Based on the Second World War, this narrative poem, with its evocative drawings, captures the devastation of this global war and the dramatic events that took place. It is the author’s dedication to the courage displayed by men and women of every participating nation, but especially by those who fought for the ideals of freedom and justice against tyranny and humanity.

This narrative poem seeks to give a comprehensive view of the most extensive and devastating war that has ever occurred. It deals with both the West, where fighting was prolonged in Europe, North Africa and on the sea, and also the Far East, where predominantly American forces fought the Japanese. The British role includes accounts of the Dambusters’ raid and General Slim’s campaign in Burma.

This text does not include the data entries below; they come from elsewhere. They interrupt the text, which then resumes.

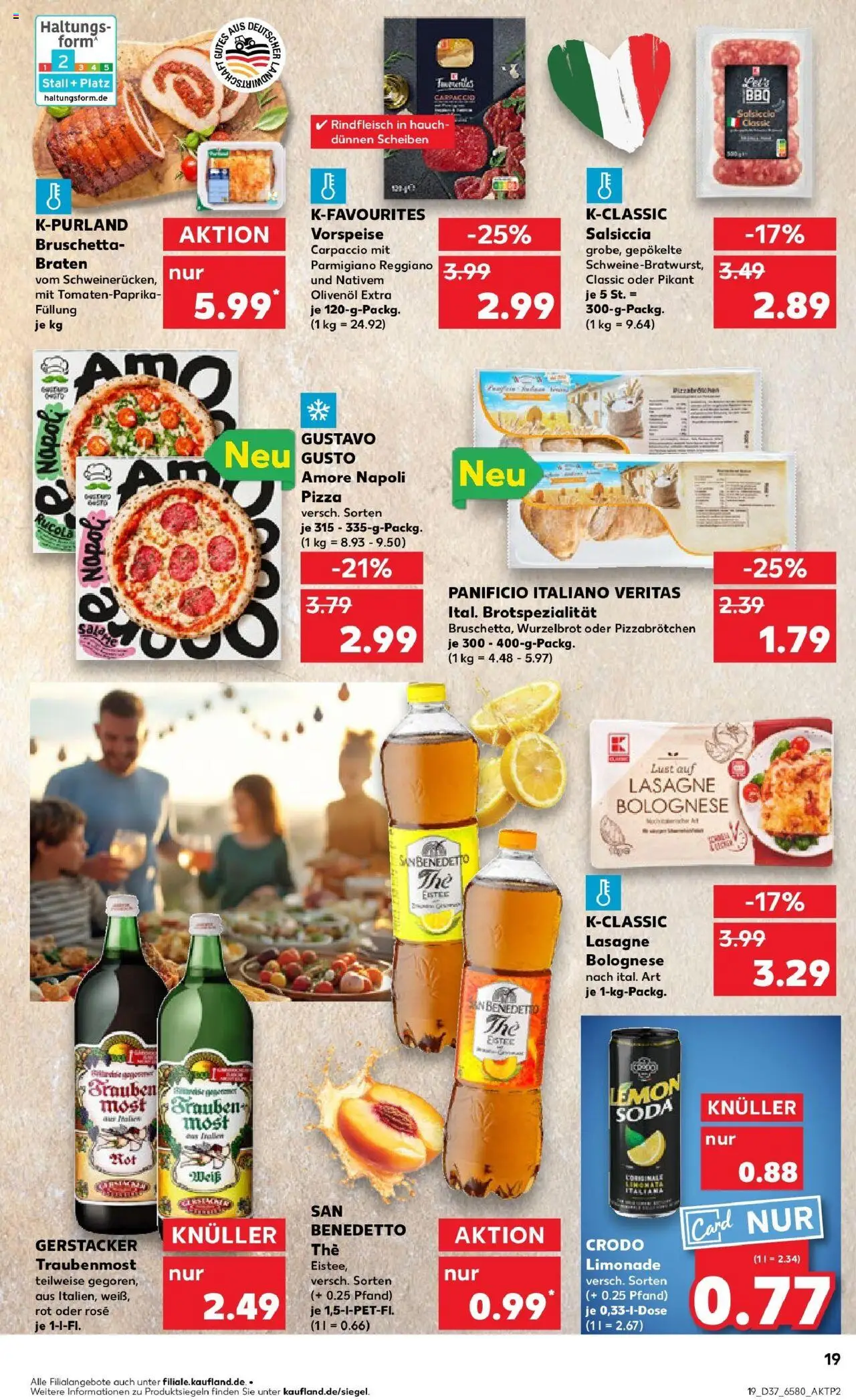 Kaufland prospekt Bremerhaven	 – gültig ab 14.09.2025 | Seite: 19 | Produkte: Olivenol, Limonade, Pizza, Rindfleisch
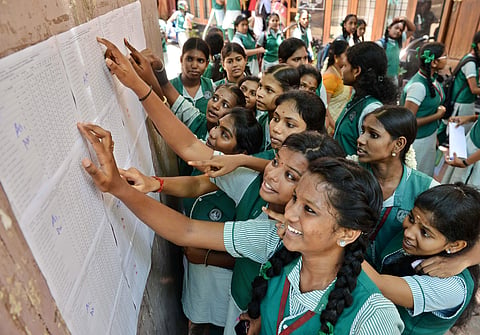School students checking results | Image for representative purpose only | (Pic: Express)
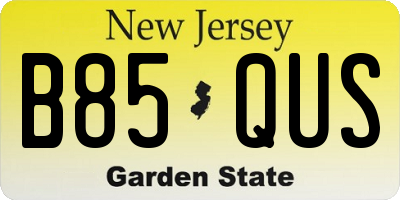 NJ license plate B85QUS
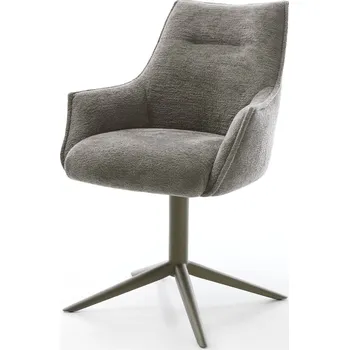 Jídelní židle DELIFE Jídelní židle Alja-Flex s područkami bouclé měkký tmavě béžová křížová podnož titanová barva 360° otočný houpací funkce taštičkové pružiny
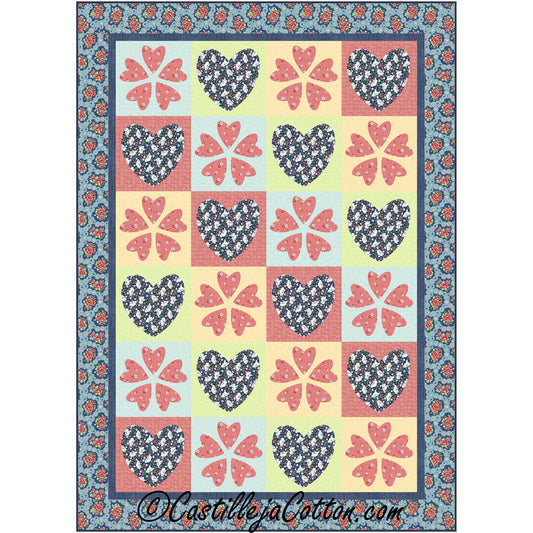 Quilt with heart and flower pattern on a colorful background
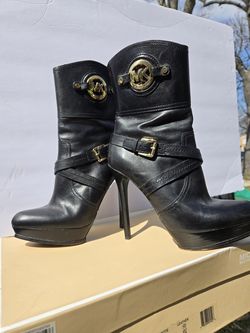 Michael Kors, Leather Stockard Bootie, Black sz 9M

The chronological narrative recounts major events, such as the fall of France, the battle of Britain, Hitler’s invasion of Russia, the Japanese attack on Pearl Harbour, the battle of El Alamein, the fall of Italy, the Normandy invasion, far eastern naval battles, the final collapse of Nazi Germany and the dropping of atomic bombs on Japan. Its focus on military strategy, tactics and descriptions of battles is enhanced by details relating to the war conferences between the Allied leaders. Integral features of the war such as the atrocities against the Jews, the efforts of the French resistance and the Stauffenberg plot to kill Hitler are not overlooked.

The inspiration that motivated the writing of the book was not only the courage displayed by men and women fighting for freedom and justice, but also the moral principle that drove the war to its conclusion in the defeat of
the Nazis and the Japanese warlords; namely the belief that civilisation depends upon the defence of the traditional values of respect for law, representative democracy and, ultimately, upon love of one’s neighbour.

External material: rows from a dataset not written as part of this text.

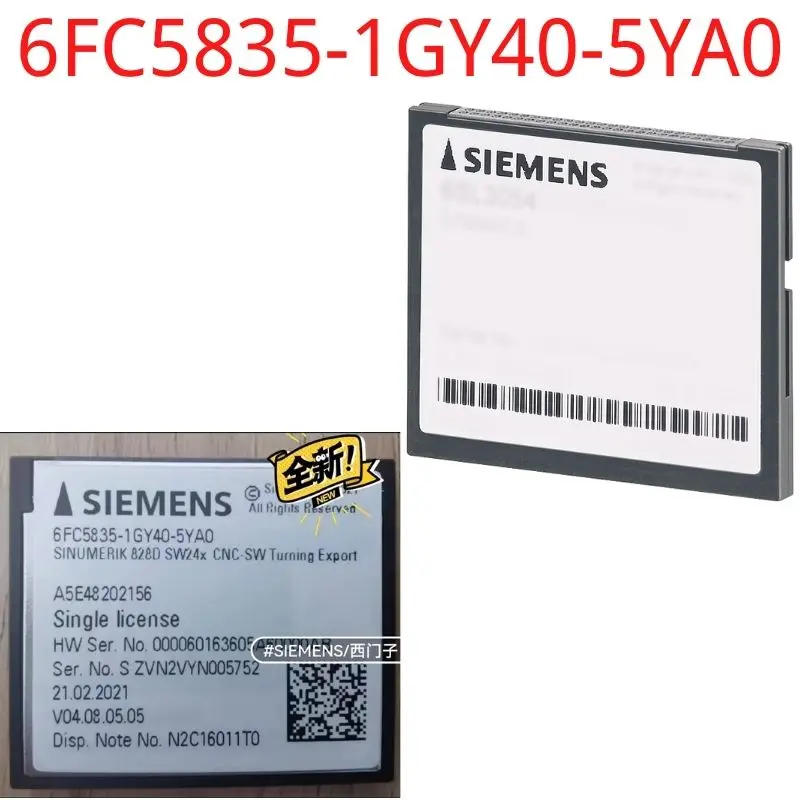 

6FC5835-1GY40-5YA 0 совершенно новый SINUMERIK 828D, SW24x CNC программная обработка, экспортное программное обеспечение 4,8 на CF-карту с лицензией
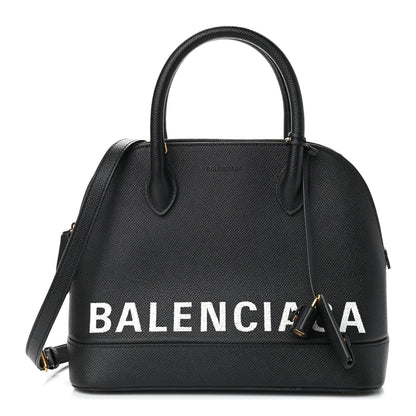 Balenciaga Signature Grained Calfskin Logo S Ville Top Handle Bag Black White 1 of 8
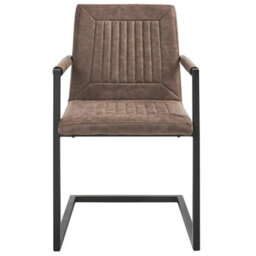 Beliani Luxor Cantilever Conference Chairs Set Of 2 Brown Faux Leather - Powder-Coated Iron Frame - thumbnail 1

Brian Hodgkinson read Philosophy, Politics and Economics at Balliol College, Oxford. During a long teaching career at Sussex University, Dulwich College and St James Schools in London, he developed a strong and diverse interest in writing, which involved studying Sanskrit, Indian Philosophy and epic literature, as well as the continued pursuit of Economics and History. He has published books in all of these disciplines, including his epic poem, Saviour of the Nation, In Search of Truth, How our Economy really works and A new model of the Economy. He has sought to find the underlying laws that govern the development of both individuals and societies, following Pope’s famous principle, ‘The proper study of mankind is man’.


Illustrated by
George Murray (Des RCA NDD) studied at RCA under Sir Hugh Casson, Terence Conran and Richmond Hamilton. Here an interest in architecture and environmental design flourished. He received a bursary award from the Royal Society of Arts to travel and sketch around Europe and this paved the way for a full-time demand as an illustrator of architectural, domestic and industrial projects.

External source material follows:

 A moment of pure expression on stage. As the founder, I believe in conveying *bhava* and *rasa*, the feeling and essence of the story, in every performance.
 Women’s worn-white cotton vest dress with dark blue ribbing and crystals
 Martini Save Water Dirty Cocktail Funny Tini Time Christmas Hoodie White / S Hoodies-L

He worked as a freelance architectural illustrator and as a part-time teacher at Epsom, Hornsey and Twickenham schools of art. He met Leslie Worth at Epsom and was influenced by his watercolour mastery. He illustrated several books with line drawings for Collins Publishers.

George Murray exhibited at the Royal Academy Summer Exhibition.

His clients included: Arup Associates; Forte Limited; Freeman Fox; Hamilton Associates, Marks & Spencer; Rendel Palmer & Tritton; R.T.K.L.; Sir Robert McAlpine and Taylor Woodrow.